It would be a mistake, however, to regard this process of resistance leading to the formation of new
dynasties as simply the vicious cycle of a stagnant or blocked social formation. On the contrary, while
they never realized their millenarian visions, these peasant revolts played an important role in
periodically rationalizing the tributary state and unleashed, for a time at least the development of the
productive forces and the rationalization of political and religious relations (Wolf 1969: 115). Similarly,
the activity of the intelligentsia contributed to the gradual rationalization of the tributary state, restricting
the rate of exploitation and encouraging investment in scientific research, in the arts, etc. Gradually
conditions emerged for a great leap forward in the development of human organizing capacities. These
conditions developed first in Europe not because Europe was particularly advanced --it was not-- but
rather because the relatively primitive character of the European tributary state prevented it from
blocking the development of the productive forces as effectively as the more advanced Chinese or
Islamic empires (Amin 1980, 1989).
III. The Capitalist Mode of Production
Beginning in the fifteenth century of the common era, and continuing well into the present period, three
great revolutions which began in Europe swept across the face of the planet, transforming everything
in their wake.
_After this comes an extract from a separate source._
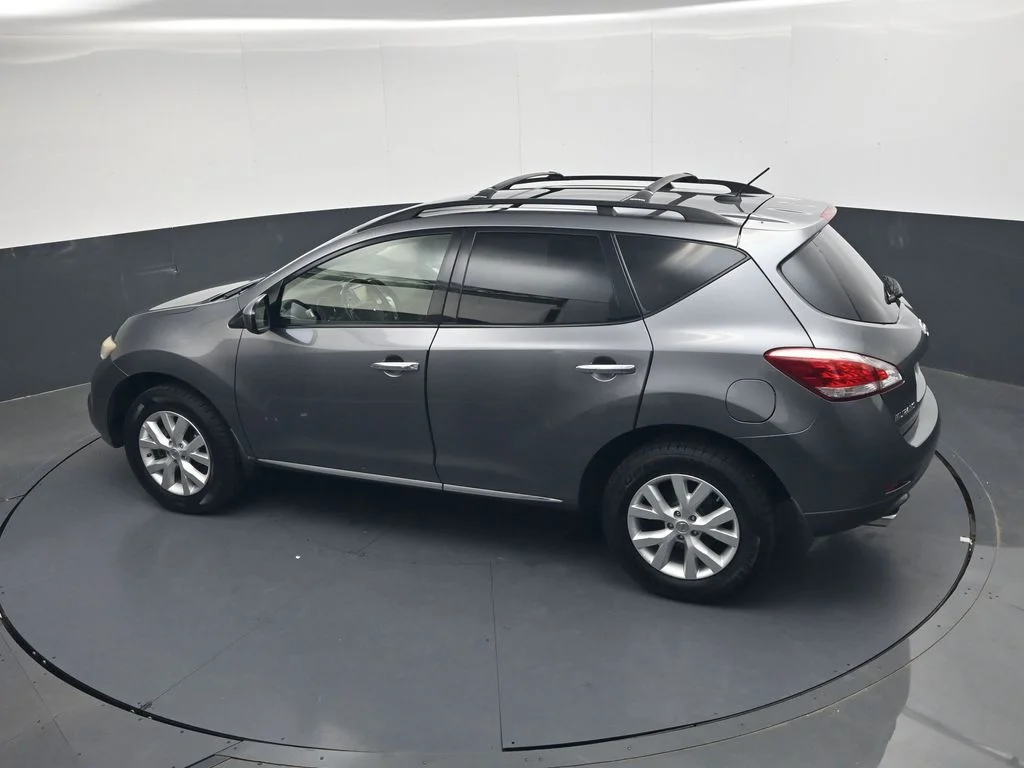 Used 2013 Gray Nissan SL image 35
The first of these was the industrial revolution, which catalyzed a qualitative leap
forward in the development of human productive capacities. The second was the democratic revolution,
which marked the recognition that human society was a human social product, subject to rational
reorganization just like any other form of matter. The third was the scientific revolution which began,
for the first time to unlock the mysteries which governed the complex organization of the cosmos.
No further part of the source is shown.